Coca-Cola Amatil scraps earnings forecasts
Coca-Cola Amatil’s long-promised plans to return to earnings growth have been trashed by the coronavirus pandemic.
Coca-Cola Amatil is in talks with the securities regulator to devise an online alternative staging of its annual general meeting slated for May, as a crackdown on large public gatherings to combat the coronavirus pandemic forces the company to consider actively discouraging investors turning up to question directors face-to-face and vote on resolutions.
Chief executive Alison Watkins told The Australian on Tuesday that CC Amatil had kickstarted discussions with the Australian Securities and Investments Commission over how to safely hold an AGM in the era of a pandemic with a small physical and online meeting one suggestion.
It comes as Ms Watkins was forced to withdraw the bottler’s guidance provided at its full-year guidance result in only last month of single digit earnings per share growth in 2020, with the seasoned company director and CEO providing a chilling warning that the economic impact of rising unemployment and business closures flowing from government directives could last for years after the coronavirus pandemic subsides.
“The actions that we take are going to have some pretty significant economic consequences, and we are not just going to bounce back,’’ Ms Watkins said, as CC Amatil binned its single digit earnings per share growth target for the year ahead. Economic and social dislocations mean many consumers won’t be reaching for a Coke or bottled water given the cancellation of sports and music events to the melting away of tourism.
“I think we need to be realistic about that, so things aren't going to return to normal just because COVID-19 is behind us.
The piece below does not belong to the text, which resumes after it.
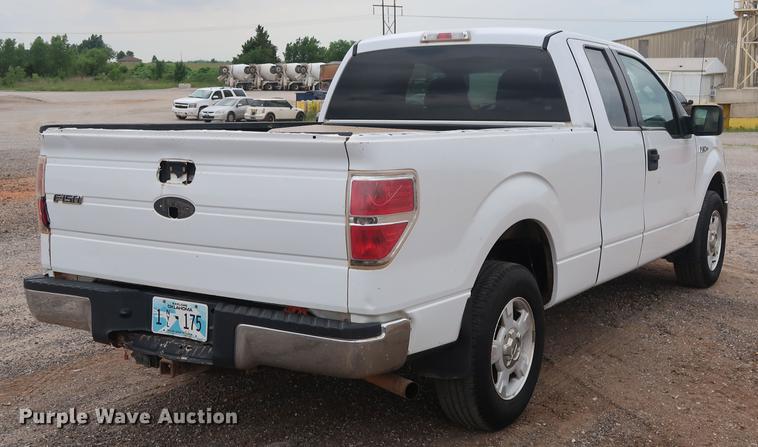 image for item DG4000 2010 Ford F150 XLT SuperCab pickup truck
We are going to live with the economic consequences for quite some time, I would suggest it will be years not months.’’
But there are also practical corporate issues to deal with, and CC Amatil is set to hold its AGM on May 26 but that could be thrown into turmoil as governments move to limit public gatherings.
“We are working ASIC there to understand how we might stage a virtual AGM and at the moment we are planning to have that kind of virtual and physical AGM available as two alternatives to make sure that shareholders who want to join us can do so.
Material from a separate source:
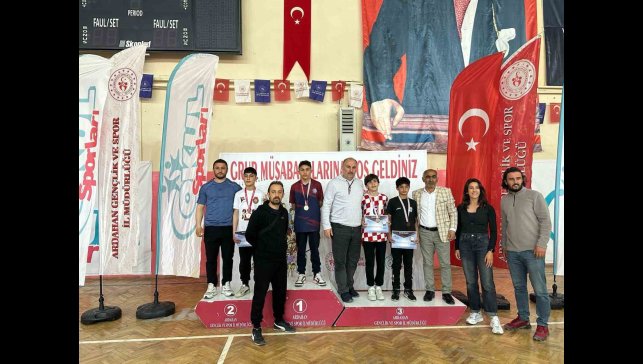 Bilek güreşinde İspir'in başarısı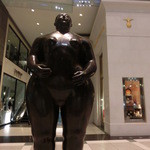 Dizzy’s Club Coca Cola - ショッピングモール内の謎の像、男と女がある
“There will still be a physical meeting, is my understanding … and we may need to discourage people from actually coming to the physical meeting because it would be typically a large gathering.’’
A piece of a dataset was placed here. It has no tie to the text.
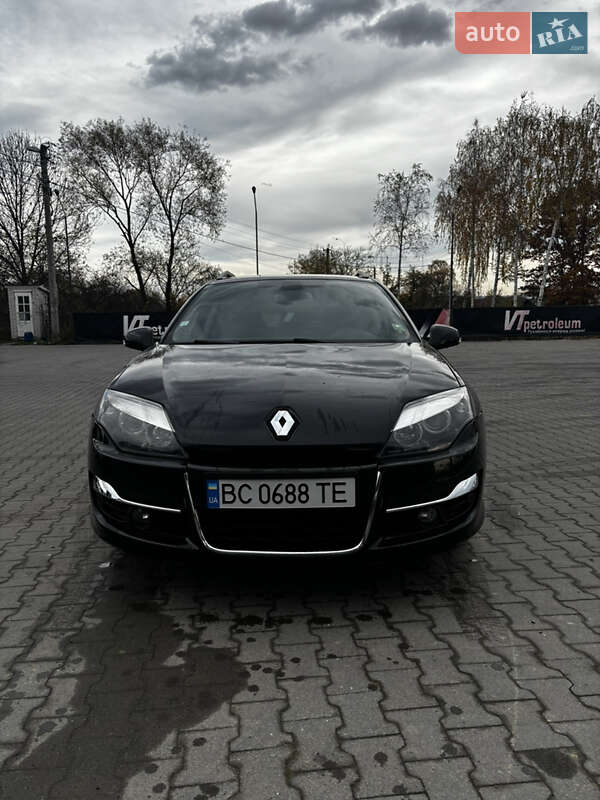 Универсал Renault Laguna 2011 в Калуше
Turning to the business, she said in the medium term it was being shaken by the government actions to clamp down on the pandemic.
“We noted at that time that we remained on watch for flow-on effects on the economy of the bushfires in Australia and coronavirus. Since then we have seen a significant escalation of measures taken by governments in each of our markets in an effort to slow the rate of COVID-19 infection. These are having and will have a myriad of consequences for our customers and our businesses.”
CC Amatil said given the significant uncertainty in relation to the duration and impact of the COVID-19 pandemic, the bottler said it no longer felt it is appropriate to continue to provide earnings guidance.
Ms Watkins said there was uncertainty around its Indonesian business in the lead up to Ramadan, while in Bali the drying up of tourism had dented its sales in that once thriving tourism hotspot.
However, In Australia and New Zealand CC Amatil is seeing strong growth in the grocery channel as consumers stock up on beverages such as Coke, bottled water and possibly Canadian Club whiskey.
But this was being offset by a downturn in the “on the go” channel such as restaurants, cafes, regional shops, cinemas, hotels, airlines and fast-food chains.